EGLIN AIR FORCE BASE, Fla --
“I tell my kids this, and I tell the people I work with, you learn more from mistakes you make than me telling you how great you are every day of your life,” said Tech. Sgt. Mack West, 2020 outstanding instructor award recipient.
As the aircrew flight equipment superintendent, West shares his years of experience, and personal lessons with the military community, his family and friends.
West earned Air Force recognition for furthering the capabilities of the training mission and being an outstanding asset to the AFE community and the 33rd Fighter Wing.
His enthusiasm for education is the bedrock of his professional success, but at its start wasn't intended for the military. West planned to complete his six year commitment, get out, then teach high school, but as he put it, life happened. Soon, he found himself behind the podium developing and instructing future generations of parachute riggers across the Army, Marines and Air Force.
West taught at the schoolhouse in Fort Lee, Virginia, where he learned to adjust his teaching style to the different dynamics of a joint force classroom.
“It was really cool to experience the different branches and to be able to teach them,” said West with a broad smile. “To see the different aspects of how people learn and what motivates people to learn.”
That lesson carried over into his personal life, as he and his wife homeschool their children. West adjusts his teaching style for each of his children based on their personalities and learning styles.
West said he would never try the same techniques with his daughter as he would with his son, or one branch of service the same as another.

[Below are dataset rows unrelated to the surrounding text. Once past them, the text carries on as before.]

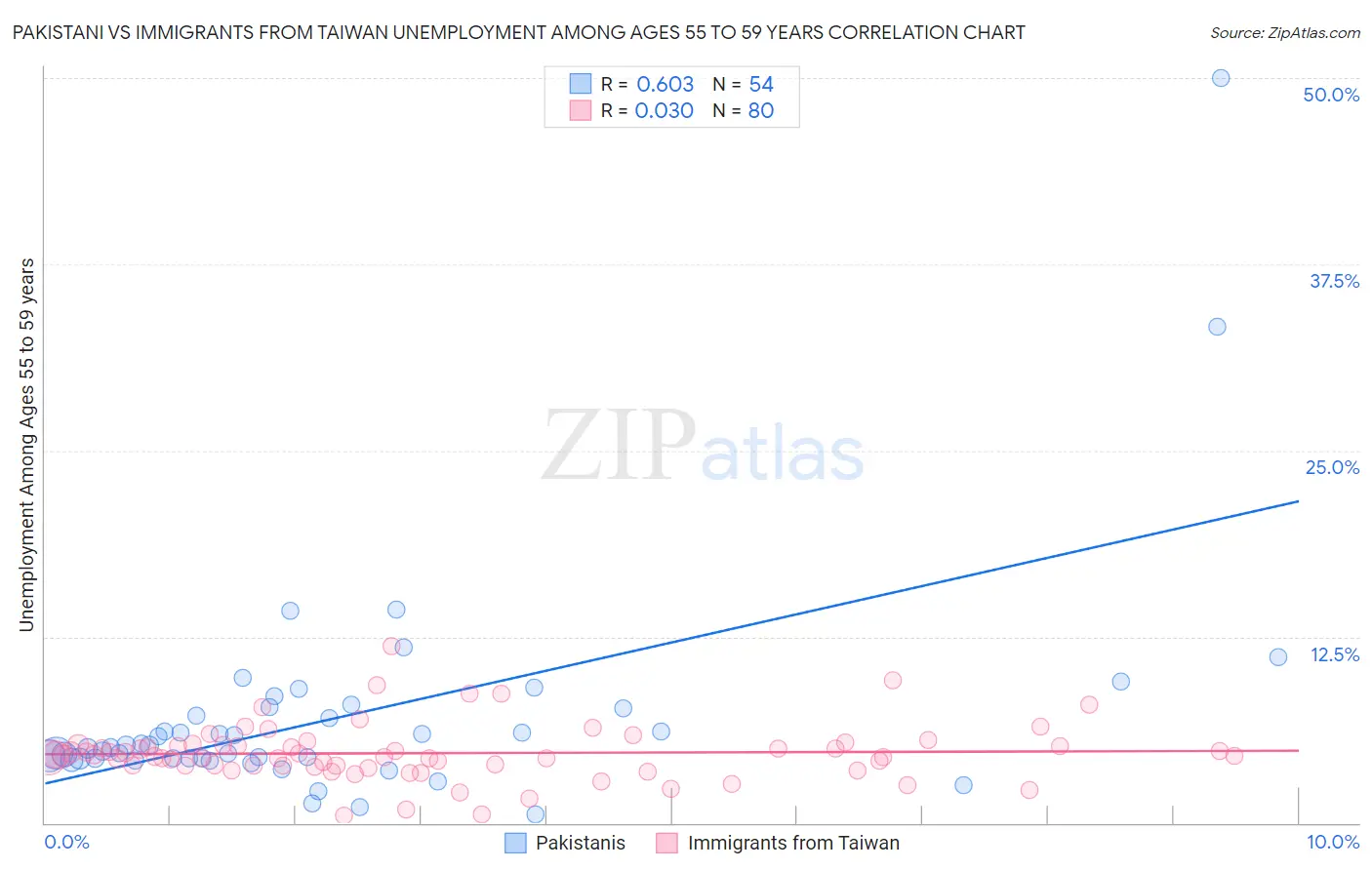 Pakistani vs Immigrants from Taiwan Unemployment Among Ages 55 to 59 years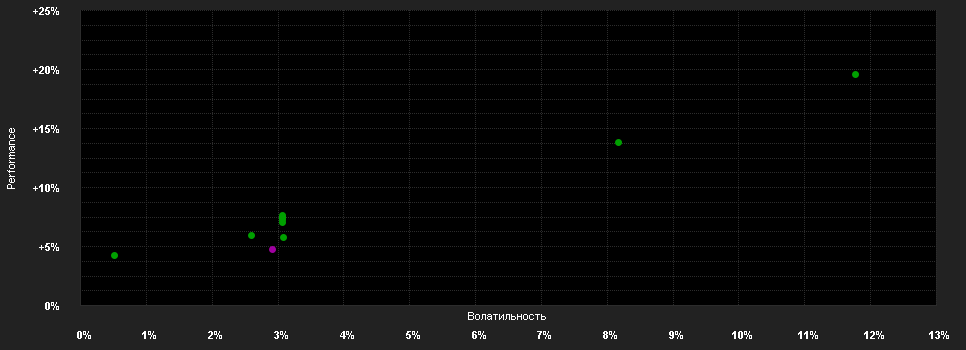 Chart for AGIF-Allianz Volatility Strat.F.IT H USD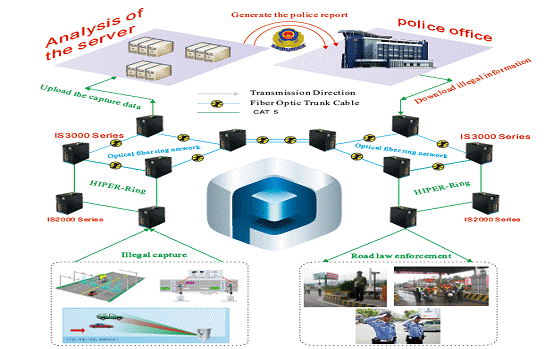 Traffic Snapshot Data Transmission System of Expressway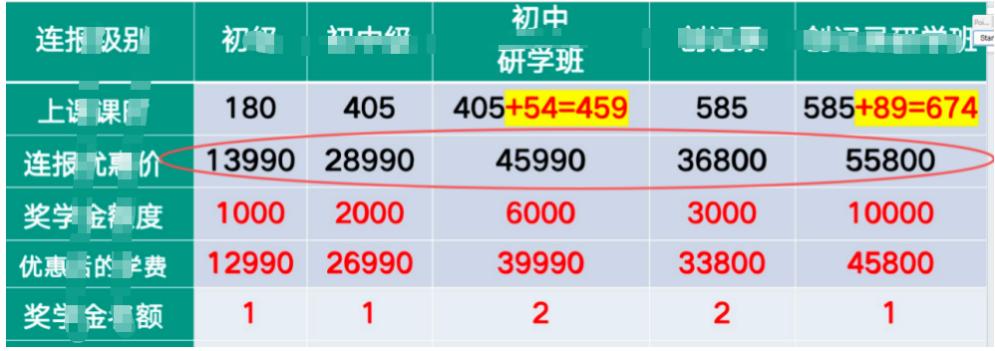 现在大学生的钱好赚。
昨天晚上下播已经10点半了，
家里最小的姨给我打了电话，因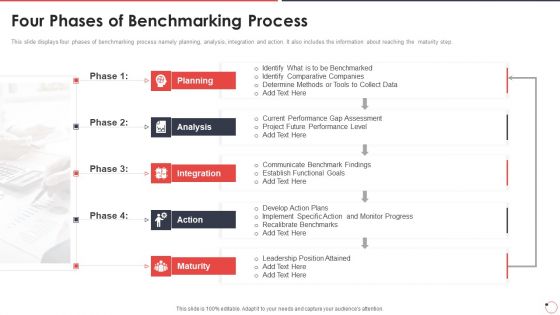 Quality Assurance Templates Set 1 Four Phases Of Benchmarking Process Ppt Layouts Gridlines PDF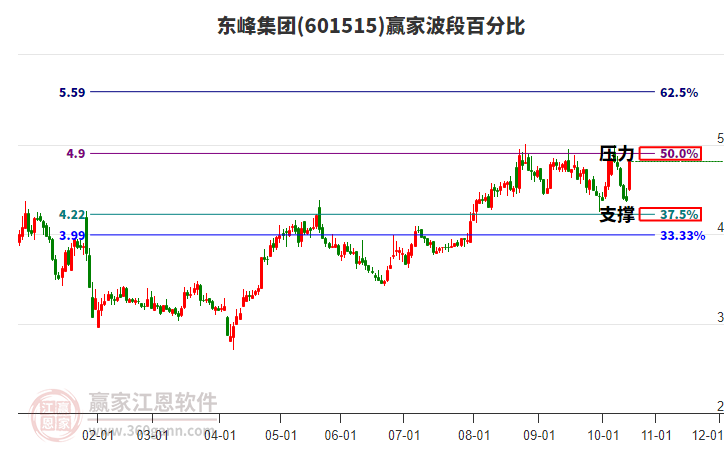 601515東峰集團(tuán)波段百分比工具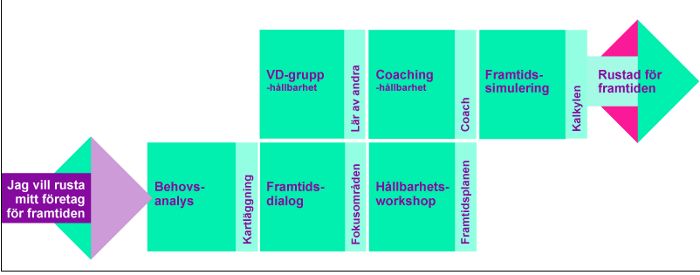 Framtidsgeneratorn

In West’s opinion, each service branch, and member, has a different way of learning, and for West, finding out how to motivate each person gets him excited to go to work every day.
West taught parachute rigging for four years before he joined the 33rd FW a little over seven months ago. Here, he’s tasked with supervising our AFE shop and preparing Airmen to brief the pilots on the equipment their lives depend on.
“You’re the first line of what these pilots see; they need to know you’re confident in what you’re doing,” said West. “We want the men and women wearing our equipment to know they’re going to be safe.”
He recalls what was drilled into him as a new instructor; everything starts with training.
“If these guys aren’t being trained right from the very beginning, they’re going to bring that to the next person,” said West.
Even as the 33rd Operations Squadron AFE superintendent, he continues to help the survival equipment community. He readily seeks out training opportunities and receives requests for assistance with AFE training.
For example, at the beginning of March he assisted, packed and prepared new parachutes to help establish a new unit of free-fall parachute jumpers in lieu of the backlogged pandemic numbers.
West said, if he could impart one thing to other instructors and students, it would be being able to take constructive criticism.
“Be honest, and don’t be afraid,” said West. “If there are mistakes being made out there, let's point them out, let’s fix it. That’s the only way we're going to get better at it.”